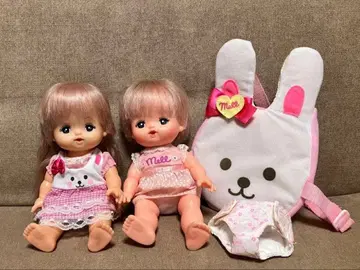 멜짱 인형 2개와 토끼 모양 아기띠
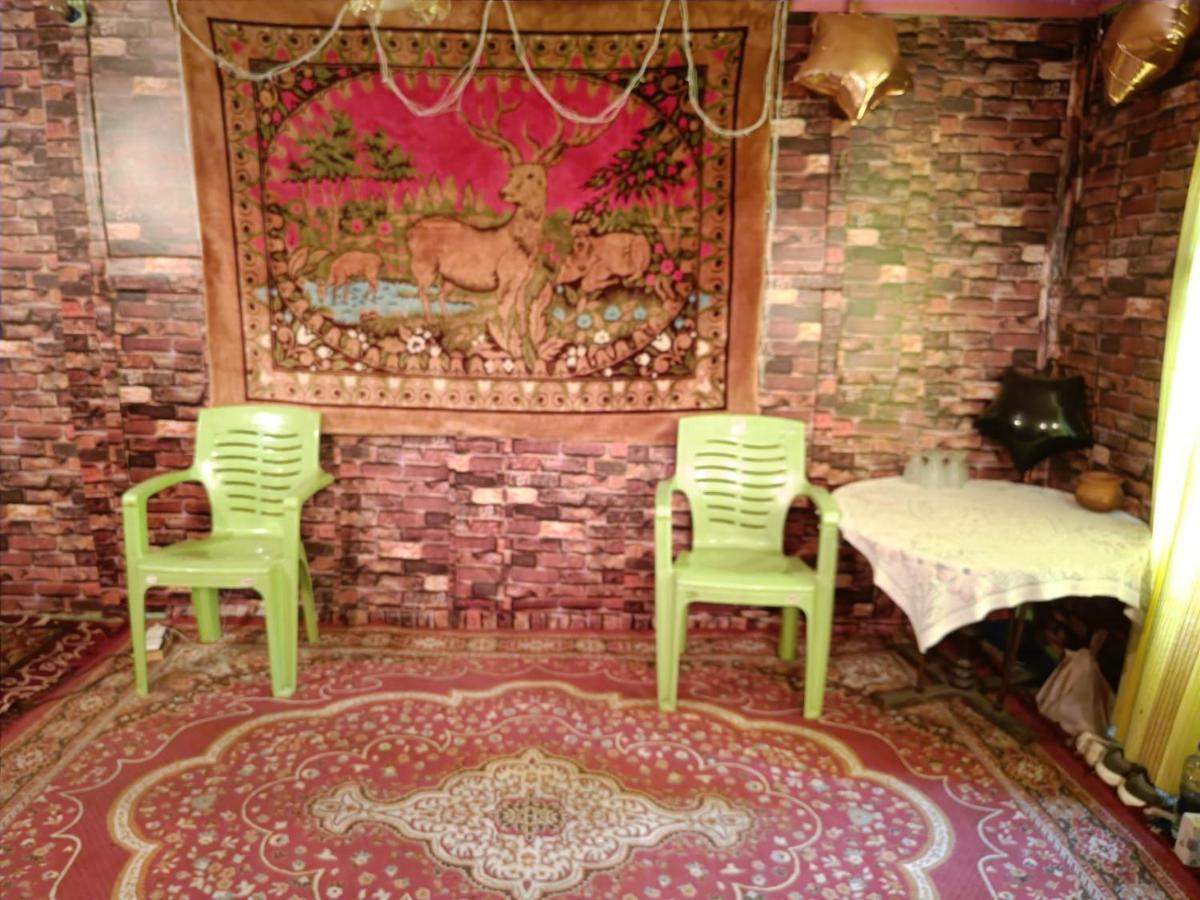 Srīnagar Hotel Island מראה חיצוני תמונה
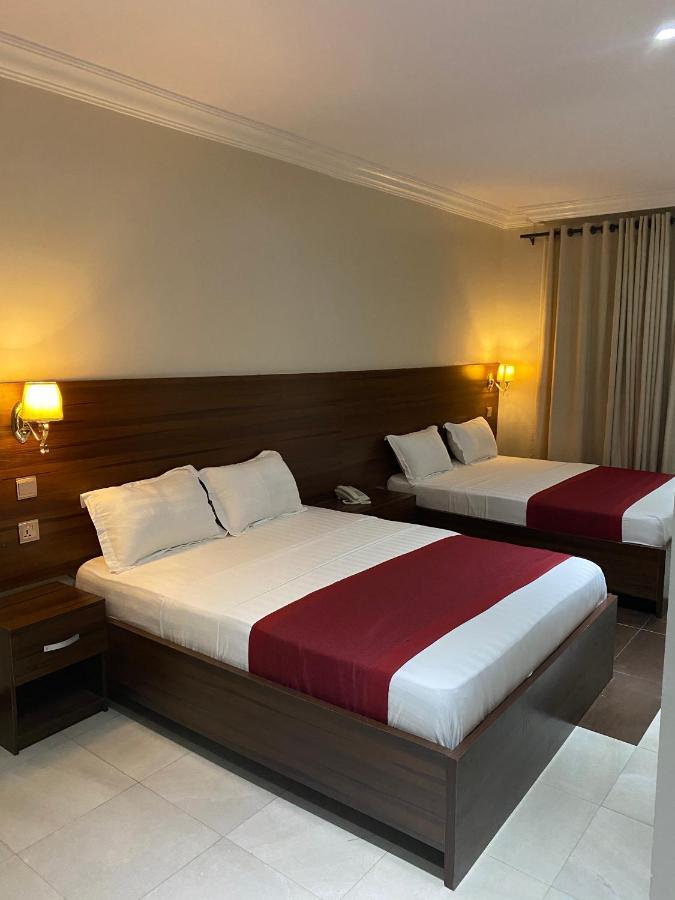 Posh Hotel And Suites Victoria Island Lagos Exteriör bild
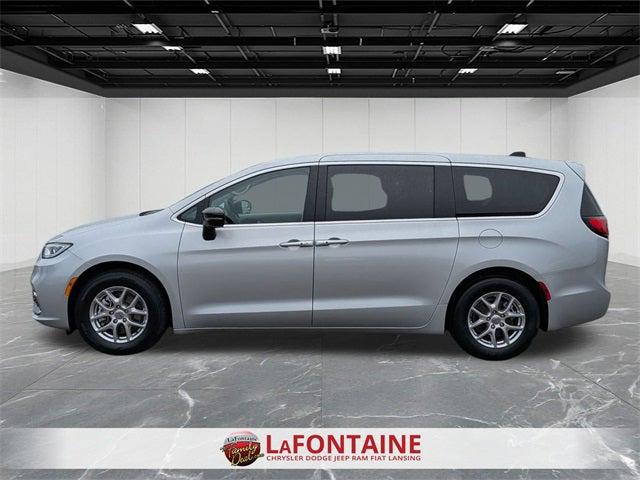 2024 Chrysler Pacifica Touring L 2024 Chrysler Pacifica Touring L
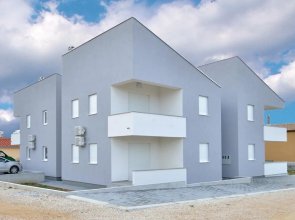 Stunning Home in Vrsi-mulo With Wifi and 2 Bedrooms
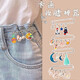 Haiyiduo's waist-tightening tool, the trouser waist is changed to a smaller size and tightened to prevent leakage. Cartoon brooch buckle for women. Pin clip to fix clothes and accessories. Cartoon waist-tightening pins, 2 random pieces.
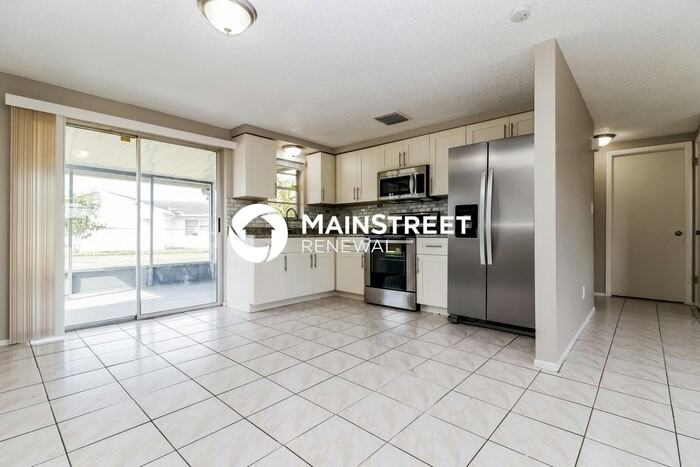 2115 Harrison Dr - Photo 5 of 15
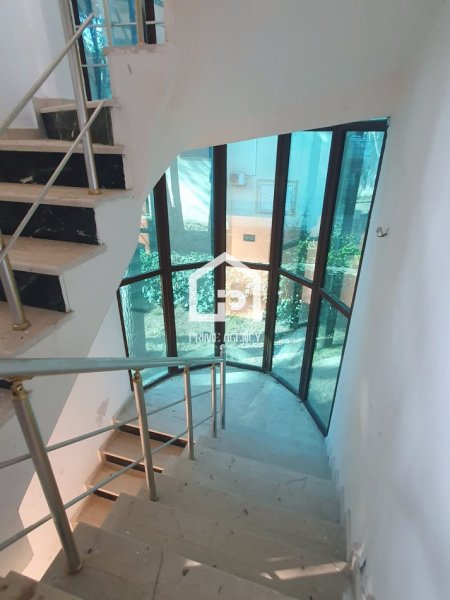 shitet Vile 3 Katshe , 650.000 € (QERRET)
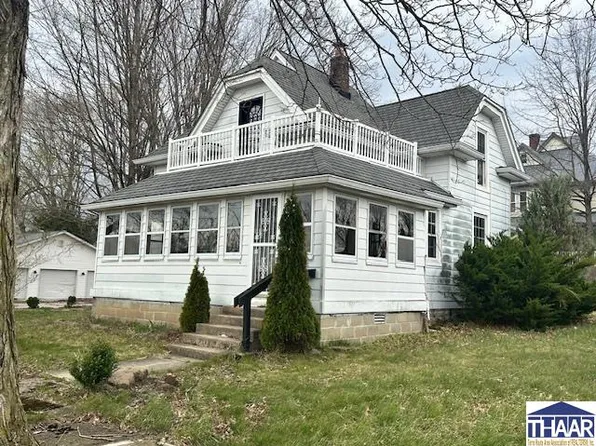 53 Fulton St, Cloverdale, IN 46120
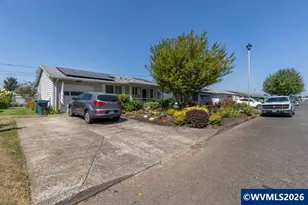 1487 Walton Way, Woodburn, OR 97071 - Photo 3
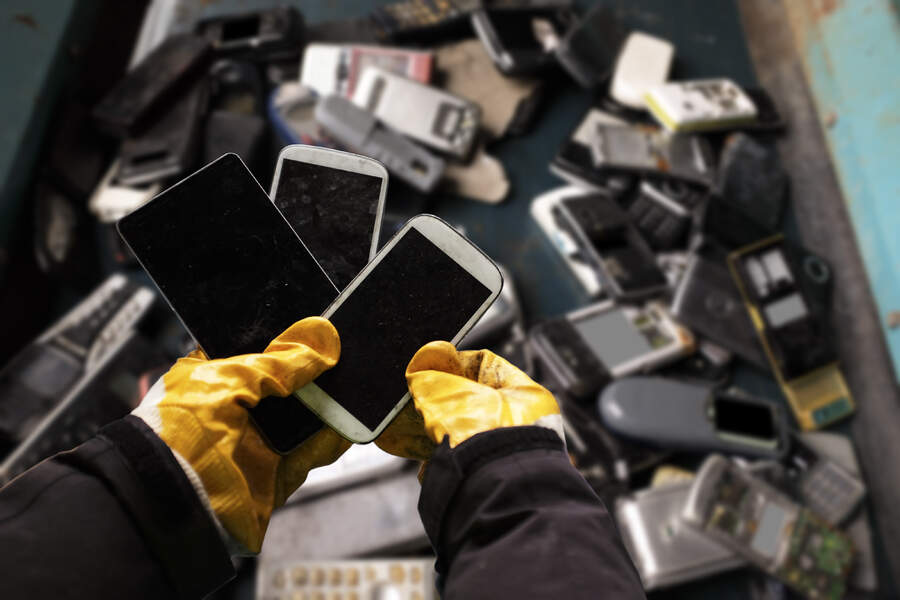 73% of Consumers Skip Premium Upgrades: Why Device Longevity Now Matters More Than Innovation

====================

● **Aim of the exercise**
Would you restate, exactly and with no pictures, the lines of the entries above from the one containing "Posh Hotel And" through the one containing "1487 Walton Way, Woodburn, OR"?

● **Task result**
 Posh Hotel And Suites Victoria Island Lagos Exteriör bild
 2024 Chrysler Pacifica Touring L 2024 Chrysler Pacifica Touring L
 Stunning Home in Vrsi-mulo With Wifi and 2 Bedrooms
 Haiyiduo's waist-tightening tool, the trouser waist is changed to a smaller size and tightened to prevent leakage. Cartoon brooch buckle for women. Pin clip to fix clothes and accessories. Cartoon waist-tightening pins, 2 random pieces.
 2115 Harrison Dr - Photo 5 of 15
 shitet Vile 3 Katshe , 650.000 € (QERRET)
 53 Fulton St, Cloverdale, IN 46120
 1487 Walton Way, Woodburn, OR 97071 - Photo 3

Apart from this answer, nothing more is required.